If gambling remains the top industry in Atlantic City, how will May’s Supreme Court ruling to legalize sports betting affect the city’s future?
“It’s certainly going to drive visitation,” predicts Wood, noting legalization of sports betting in New Jersey—and the likely addition of sports lounges at its existing and new hotel-casinos—will probably bring big business to town over sports weekends, especially during NFL season. However, he doesn’t anticipate sports betting to be the hot new attraction in town.
“People come here for food, entertainment, the boardwalk, the ocean. When they come here they’re going to make…a weekend out of it; they’re not going to spend all their time here sports betting,” says Wood.
With all the ways Atlantic City is trying to convince potential visitors they are not, in fact, a dying destination, there’s one big thing still missing.
“There are things that families can do, but [Atlantic City] really needs to develop more kid-friendly activities,” says Jennifer Street, owner of Fly By Nite Travel based in North Alabama, who specializes in Atlantic City travel and has referred six clients there so far in 2018.

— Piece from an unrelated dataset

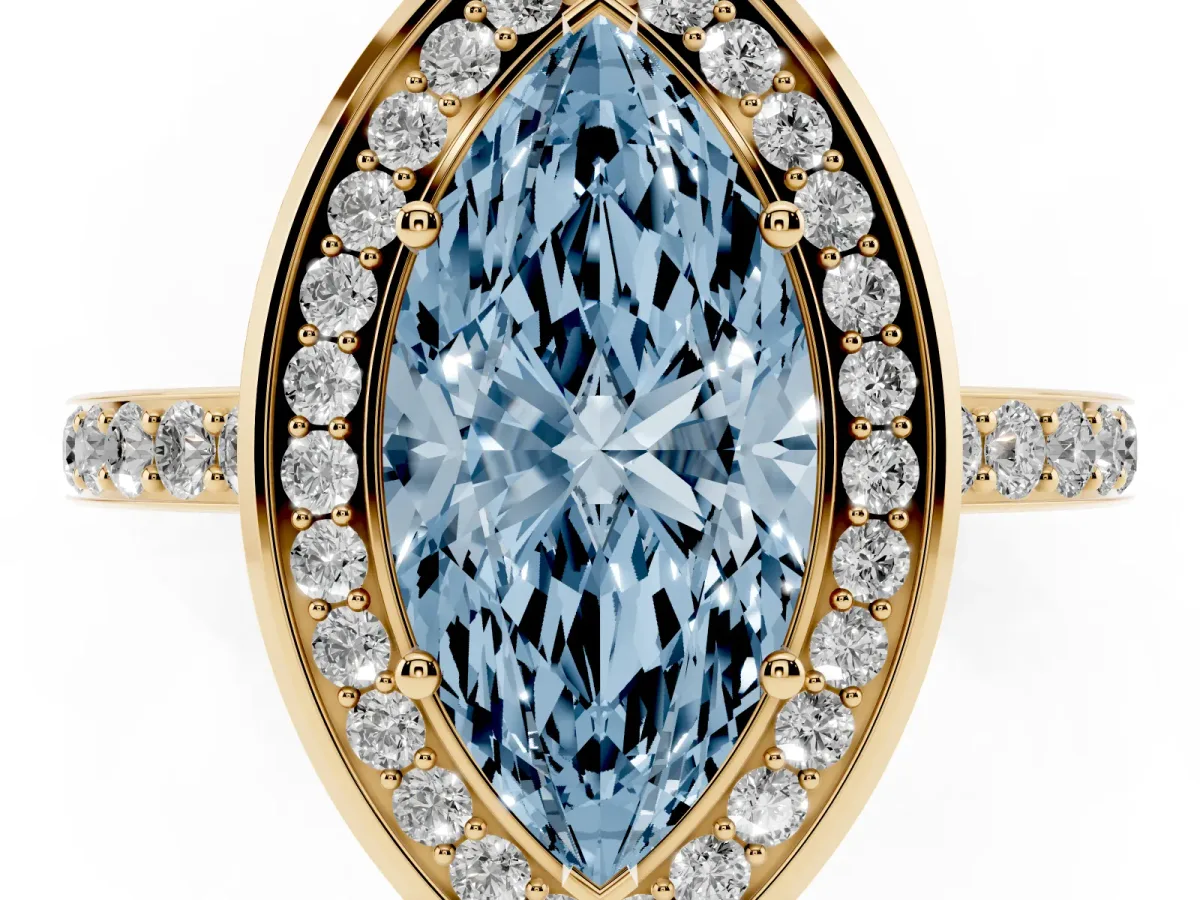 Fancy Blue Marquise Cut Diamond Halo Ring with Bezel Frame and Pavé Band Yellow gold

“They have Steel Pier [theme park], but I have found they aren’t consistent with their hours, and several of my clients have complained that this is really the only activity for kids. They need to develop other activities that everyone can enjoy.”
The other challenge looming large for Atlantic City: Reversing its reputation for being an expensive destination that many say is not worth the money at a time when competition is fiercer than ever. It can only hope that brands like Hard Rock—as well as the new Ocean Resort Casino, opening in Atlantic City coincidentally on the same day—can help solve some of its image issues and turn its luck around.